WICG / turtledove

TURTLEDOVE
https://wicg.github.io/turtledove/
Other
515 stars 216 forks source link

The need for a K-anonymity enforcement test phase #867

Open fhoering opened 9 months ago

fhoering commented 9 months ago

Currently k-anonymity is not enforced yet and AFAIK there has not been any communication yet on when it will be enforced.

As a follow up of this ticket it seems important to be able to play with different k-anonymity strategies in order to choose which one performs better than others. It also seems important to be able to test the impact of different strategies during the CMA test and before Chrome actually enforces k-anonymity.

In the discussions it is generally mentioned that buyers can already assess k-anonymity on their own with their own logs but this seems only true as long as 3rd party cookies stay available. When 3rd party cookies start being deprecated the buyer cannot have a full view to which user which ad has been displayed and cannot do any simulations on his own. Even with 3rd party cookies being available it would fully rely on server side measurements which doesn’t use the real Chrome on-device enforcement code and can therefore wrongly assess certain strategies.

This PR does one first step to add the k-anonymity flag to the reportWin API. However it seems not enough as it doesn't take into account the pass on generateBid where renderUrls that are already k-anonymous get a 2nd chance to bid and therefore also a chance to be displayed and extend their k-anonymity (which is a rolling average over 7 days).

Ideally, we need some simulation mode where the k-anonymity status can be simulated by each buyer with some kind of AB test. In order for this to work, the buyer should have access to the global k-anonymity status for each of its ads from inside generateBid and be able to increase the counters for the submitted renderUrls. The second pass to generate a bid could be simulated by the buyer himself by taking out all ads that are not k-anonymous and choose the best ad again.

Having access to a counter could permit to experiment with different thresholds. For example during the CMA testing phase PA API will be available only on at least 1% and up to 9.5% of traffic. So it would have a big impact on the k-anonymity threshold announced to be 50 over 7 days but which would apply to the full Chrome & Chrome mobile web scope. Potentially, if a full counter is not possible for divers reasons having access to a few flags like like >=50, >=25, >=10 could be an option.

Once the simulation phase is finished the ecosystem could move to full k-anonymity enforcement and the temporary k-anonymity status API could be removed.

itaysharfi commented 6 months ago

The details of the K-Anon enforcement plan can be found here

We plan to release K-anonymity initially with a threshold of K=10. Our internal evaluation has indicated that going lower than that is challenging due to the inability to add differential noise.
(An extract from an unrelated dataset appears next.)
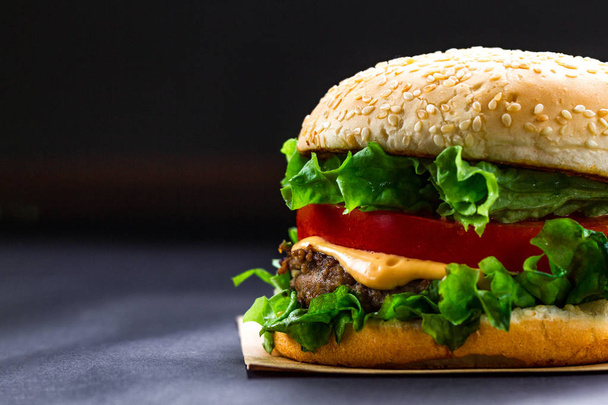 Delicious fresh homemade burger on a dark background. Fast and bad food  - Fotografie, Obrázek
We've refrained from allowing the configuration of K for evaluation due to implementation issues, a lack of demand for higher K, the ability to analyze K-anon impact from logs, along with the difficulty in predicting utility with lower traffic.
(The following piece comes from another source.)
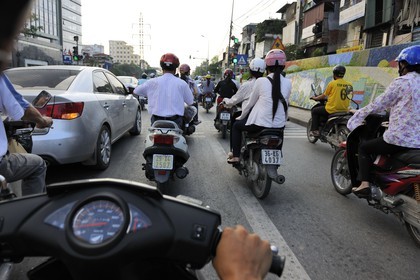 Vietnam, Hanoi, motorcycle traffic on Tran Quang Khai along the dike, fresco made for the Hanoi millenium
Unfortunately, we won't be able to provide the exact counter, as it poses the risk of disclosing user membership in an Interest Group to anyone.

Let's discuss kanonStatus at 714.

Please let me know if it answers your question.

jaimonino commented 5 months ago

Julien Aimonino, Product Manager, Criteo

We would like to share feedback on Chrome's k-anonymity enforcement plan and re-start the discussion about our proposal above.

(1) If one thinks about testing in Q1/Q2:

Given the current enforcement plan, concretely DSPs cannot test k-anonymity in H1. We suggest Chrome to re-consider the framework we proposed in this issue. With the current Chrome’s plan, K-anonymity enforcement will actually apply when 3PCD process starts, without prior testing, which is exactly the situation we would like to avoid.

(2)

Unfortunately, we won't be able to provide the exact counter, as it poses the risk of disclosing user membership in an Interest Group to anyone.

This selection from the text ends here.